(Web page caption snippets)
--

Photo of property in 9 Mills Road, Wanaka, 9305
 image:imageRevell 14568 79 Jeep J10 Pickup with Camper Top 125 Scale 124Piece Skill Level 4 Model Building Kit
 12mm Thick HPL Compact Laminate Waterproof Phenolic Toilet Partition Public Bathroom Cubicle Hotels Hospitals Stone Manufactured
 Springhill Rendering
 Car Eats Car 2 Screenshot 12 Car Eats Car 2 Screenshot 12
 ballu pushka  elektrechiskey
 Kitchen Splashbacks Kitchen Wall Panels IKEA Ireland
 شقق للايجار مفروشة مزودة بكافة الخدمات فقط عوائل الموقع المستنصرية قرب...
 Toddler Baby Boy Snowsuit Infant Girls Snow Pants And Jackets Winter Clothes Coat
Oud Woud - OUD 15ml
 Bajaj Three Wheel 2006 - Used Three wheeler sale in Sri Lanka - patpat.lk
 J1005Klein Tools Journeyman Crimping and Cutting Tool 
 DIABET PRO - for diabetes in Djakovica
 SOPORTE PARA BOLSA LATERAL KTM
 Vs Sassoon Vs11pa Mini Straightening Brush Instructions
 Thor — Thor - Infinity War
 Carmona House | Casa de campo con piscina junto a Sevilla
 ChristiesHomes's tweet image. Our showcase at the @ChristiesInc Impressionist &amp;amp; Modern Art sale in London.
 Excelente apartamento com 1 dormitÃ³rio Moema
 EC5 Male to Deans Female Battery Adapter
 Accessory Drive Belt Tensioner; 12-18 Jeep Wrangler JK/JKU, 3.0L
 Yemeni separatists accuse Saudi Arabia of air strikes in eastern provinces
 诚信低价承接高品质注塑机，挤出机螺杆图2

--

■ **What you should do**
The required answer is the line with "Yemeni separatists accuse" plus every line after it to the end of the entries above, transcribed exactly.

■ **Result of the task**
 Yemeni separatists accuse Saudi Arabia of air strikes in eastern provinces
 诚信低价承接高品质注塑机，挤出机螺杆图2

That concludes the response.